Fair enough, perhaps. But what the governor said reflects another insidious ignorance: that the Bronx is a monolithic wasteland of socioeconomic degradation filled, in this case, with Black children and basic technology they can’t hope to identify. Easily, conveniently summarized and dismissed, that’s been the Bronx’s lot for decades.

Even the governor thinks so.

But the Bronx is not one thing, one people, or universally downtrodden. Poverty and lack of access exist everywhere, including in the Bronx. But it’s capricious and foolish for the governor — or anyone else — to use the Bronx as a fallback example of what’s bad about America.

The Bronx is Van Cortlandt Park — which is the city’s third largest, with a history dating back to Colonial times, and will soon host the return of the New York Philharmonic to its lawns.

The Bronx is the New York Yankees — who have played here since 1923, have their own stop on the 4 train, and have won 27 world championships.

The Bronx is the Shalom Aleichem Houses — built in 1926, independent of government subsidies and dedicated to the preservation of secular Yiddish culture. The buildings are still there today.

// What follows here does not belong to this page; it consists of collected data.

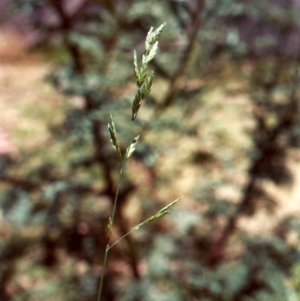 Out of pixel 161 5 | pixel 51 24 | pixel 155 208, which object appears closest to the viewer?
pixel 51 24

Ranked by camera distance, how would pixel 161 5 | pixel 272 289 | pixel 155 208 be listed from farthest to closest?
pixel 155 208
pixel 272 289
pixel 161 5

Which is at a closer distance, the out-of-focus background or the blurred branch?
the out-of-focus background

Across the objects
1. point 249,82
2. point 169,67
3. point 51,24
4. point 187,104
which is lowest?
point 249,82

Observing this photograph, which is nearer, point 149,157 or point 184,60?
point 149,157

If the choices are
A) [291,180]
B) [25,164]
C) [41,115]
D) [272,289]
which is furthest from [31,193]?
[291,180]

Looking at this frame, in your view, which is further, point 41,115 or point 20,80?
point 20,80

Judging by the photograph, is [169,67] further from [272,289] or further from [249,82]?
[272,289]

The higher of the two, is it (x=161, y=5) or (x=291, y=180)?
(x=161, y=5)

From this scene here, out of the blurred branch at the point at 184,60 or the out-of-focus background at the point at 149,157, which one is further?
the blurred branch at the point at 184,60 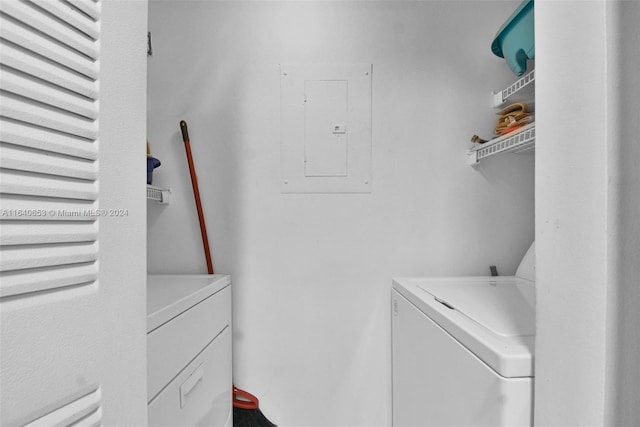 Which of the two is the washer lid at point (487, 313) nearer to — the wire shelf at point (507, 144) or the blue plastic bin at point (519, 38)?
the wire shelf at point (507, 144)

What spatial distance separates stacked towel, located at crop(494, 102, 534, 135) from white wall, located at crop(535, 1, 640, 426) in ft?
2.35

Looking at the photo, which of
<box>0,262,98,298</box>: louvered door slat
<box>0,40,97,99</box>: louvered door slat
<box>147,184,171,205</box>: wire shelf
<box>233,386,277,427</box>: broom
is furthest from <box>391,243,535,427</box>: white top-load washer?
<box>147,184,171,205</box>: wire shelf

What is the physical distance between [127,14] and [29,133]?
0.26 m

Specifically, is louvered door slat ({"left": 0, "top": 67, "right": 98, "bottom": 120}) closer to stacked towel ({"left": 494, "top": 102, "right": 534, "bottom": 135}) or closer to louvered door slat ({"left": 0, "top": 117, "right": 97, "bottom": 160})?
louvered door slat ({"left": 0, "top": 117, "right": 97, "bottom": 160})

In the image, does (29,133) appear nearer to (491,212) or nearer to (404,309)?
(404,309)

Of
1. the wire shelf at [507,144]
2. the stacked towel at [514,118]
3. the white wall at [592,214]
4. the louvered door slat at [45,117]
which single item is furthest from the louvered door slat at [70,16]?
the stacked towel at [514,118]

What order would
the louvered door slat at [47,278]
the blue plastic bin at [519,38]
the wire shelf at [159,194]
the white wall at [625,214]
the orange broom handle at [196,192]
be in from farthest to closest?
the orange broom handle at [196,192], the wire shelf at [159,194], the blue plastic bin at [519,38], the white wall at [625,214], the louvered door slat at [47,278]

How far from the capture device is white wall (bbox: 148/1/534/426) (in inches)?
57.5

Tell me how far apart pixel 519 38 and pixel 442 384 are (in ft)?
3.66

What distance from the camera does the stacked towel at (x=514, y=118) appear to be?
3.94 feet

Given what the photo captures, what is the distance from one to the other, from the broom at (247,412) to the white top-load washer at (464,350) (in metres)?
0.57

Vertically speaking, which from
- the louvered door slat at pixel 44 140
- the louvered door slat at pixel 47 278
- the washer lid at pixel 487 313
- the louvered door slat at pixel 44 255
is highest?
the louvered door slat at pixel 44 140

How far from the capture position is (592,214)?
49cm

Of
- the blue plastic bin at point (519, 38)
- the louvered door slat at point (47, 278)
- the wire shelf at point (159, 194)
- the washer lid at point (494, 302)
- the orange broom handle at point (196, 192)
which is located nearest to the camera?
the louvered door slat at point (47, 278) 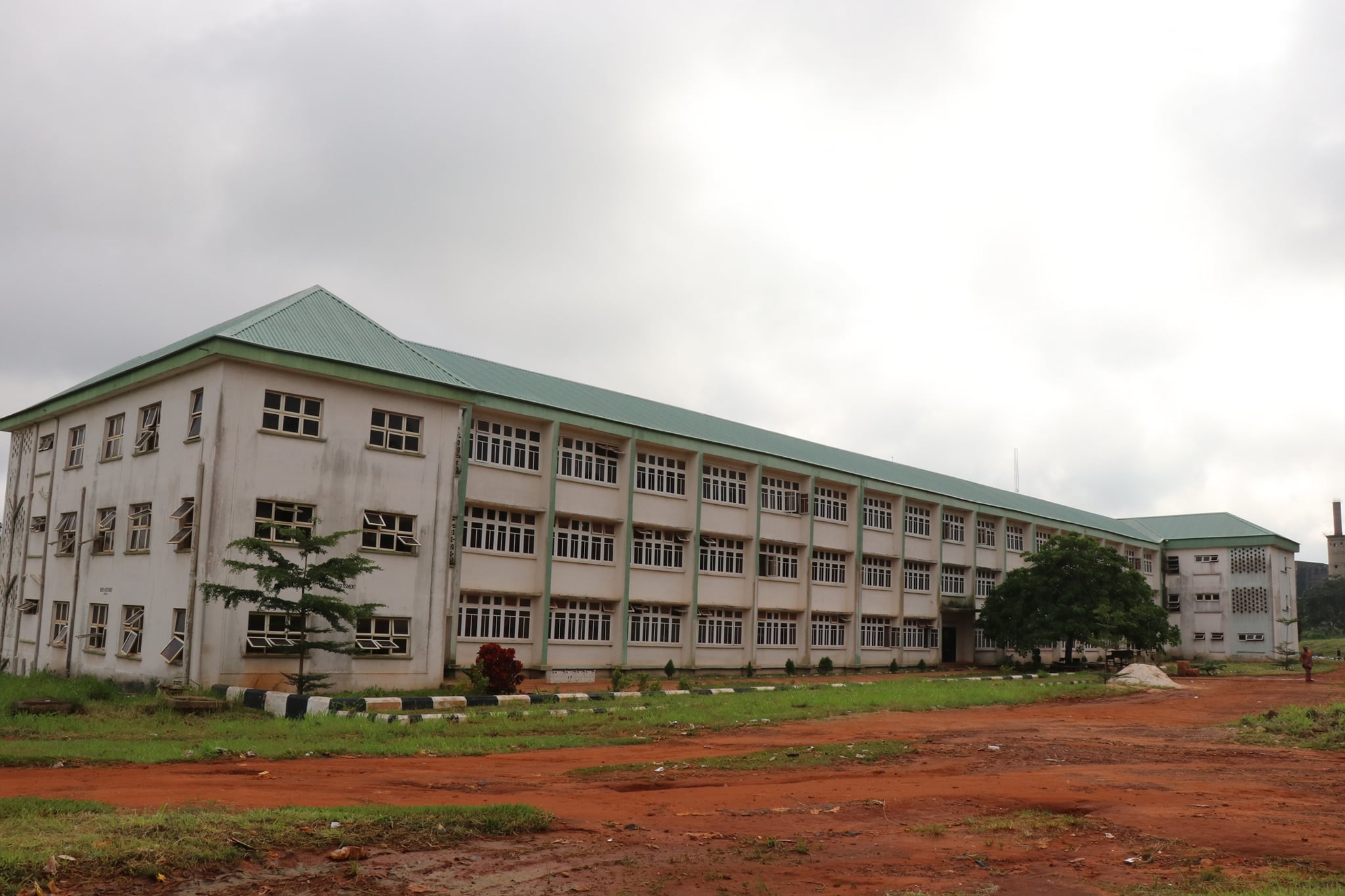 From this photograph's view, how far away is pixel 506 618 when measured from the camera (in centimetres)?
2844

The Bronx is Co-op City — which, built on the land once occupied by an amusement park, is the largest co-operative housing development in the world. It has its own power plant, and is governed by the more than 40,000 people living there.

The Bronx is the zoo and the botanical garden — beautiful, engaging places where nature is nestled in New York City’s northernmost borough.

The Bronx is the Bronx High School of Science — where 99 percent of the students graduate in four years, 60 percent of the students are immigrants or children of immigrants, and math and reading proficiency scores in the top 1 percent.

Bet they have computers over there, too.

The Bronx is Stan Lee and Edgar Allan Poe. It’s Jennifer Lopez and Cardi B. It’s Neil deGrasse Tyson and Stanley Kubrick. It’s Sonia Sotomayor and Darcel Clark.

And the Bronx is this newspaper — founded and run for so much of its history by two generations of the Stein family, who knew and cared about what the totality of this place is, and what it means.

No one likes to be discounted or dismissed. It’s bad enough when outsiders do it, but it’s worse when it comes from inside the house — particularly when that dismissal is done with the tossed-off shorthand of biased stereotypes.

It’s particularly galling, though, for the latest false summation of the Bronx to come from its own governor, who, by definition of duty, should know and embrace every area of her constituency.

Failing to do that — with words so carelessly chosen — is painful to the undeserving Bronx, and an embarrassment to the governor, who surely should think — and speak — better.